A morte il cavaliere con il drago

Girano contro copioni emancipati sull’annosa leggenda, mito o fiaba di Messer Giorgio (poi santo nel senso di integro) e il Drago.
Il Drago è la bestia, il Serpentone che spesso si trova scolpito su pareti di templi e antiche cattedrali, non ultimi i templi tantrici di Khajuraho, in India.

In queste ben formulate obiezioni moderne e pseudo liberanti, la lettura del mito si sposta verso la figura di una fanciulla che non sa più che farsene del cavaliere ma in uno slancio di emancipata indipendenza se ne sbarazza, per andare verso il drago da sola e scoprire che solo lei può salvare se stessa dalle sue trappole e dalla pretenziosa attesa di un qualche omuncolo che la salvi.
Peccato che nel mito, perso nei tempi, si tratti di qualità relative all’integrità del principio divino maschile e femminile e al loro matrimonio alchemico.

Tendiamo a muoverci da un opposto all’altro.
Dall’essere salvate si passa al salvare se stesse.
Da un malinteso al suo contrario. Per logica anch’esso un malinteso.
L’ idea stessa della salvezza costringe nel recinto del peccato originale. Io salvo me stessa ripropone il solito loop. Come ne esco?

Se proprio voglio insistere sulla parola salvezza, è “salvandomi da me stessa” compresa quella che dovrebbe salvarmi, che ne esco.

È allora che la danza del maschile e femminile può essere di nuovo accolta nel darsi naturale sostegno, unendo le differenze che la natura ha donato a entrambe le polarità. Complementarietà più che opposizione.

Ben vengano, dunque, gli uomini che sanno riconoscere e gestire il drago – la bestia – in loro, per donarsi alla donna sollevati dalla meccanicità animale, dall’ ipnosi testosteronica.

È necessario, di nuovo, rileggere i miti, da dentro, secondo l’ intuizione che il principio femminile (presente in entrambi i generi) ci porge.

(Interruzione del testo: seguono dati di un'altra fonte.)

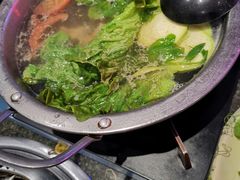 -韩林炭烤自助烤肉火锅(恒峰步行街店)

L’ indipendenza per opposizione, leggibile tra le righe di alcune moderne citazioni liberanti, ripropone quel modello maschile di cui vorrebbe liberarsi. Un po’ come gettare il bambino con l’acqua sporca.

Non è un caso che i Catari, i Cavalieri di un tempo – i Fedeli d’Amore – furono massacrati. Come i Tantrika in Oriente. Sarebbe ingenuo stupirsi se non ci fosse di mezzo la forza sessuale e la sua trasformazione. Il cavaliere, il principe rimanda a quella nobiltà di colui che conosce e domina la forza egoistica e grezza dei lombi per darsi al femminile, esteriore e poi interiore, senza lussuria.
Benedetto il cavaliere allora e il discernimento di una principessa che offre il suo grembo solo per amore poiché di quell’amore è al comando.

Un uomo e una donna tantrici, altro che anticaglie!!!
Il sesso senza totalità, consapevolezza, che sono altre parole per amore, preda e fagocita la donna come la cieca e meccanica avidità della Bestia, del Drago. La Principessa dunque non è una stupida fanciulla condizionata ma la dolce ed elevata natura del principio femminile risvegliato e risvegliante.

La donna che dice “faccio tutto da sola” (per carità legittimo e magari bisogna passarci), mi ricorda quella canzone di Gaber che dice: “mi sono fatto tutto da solo, mi sono fatto tutto di merda”.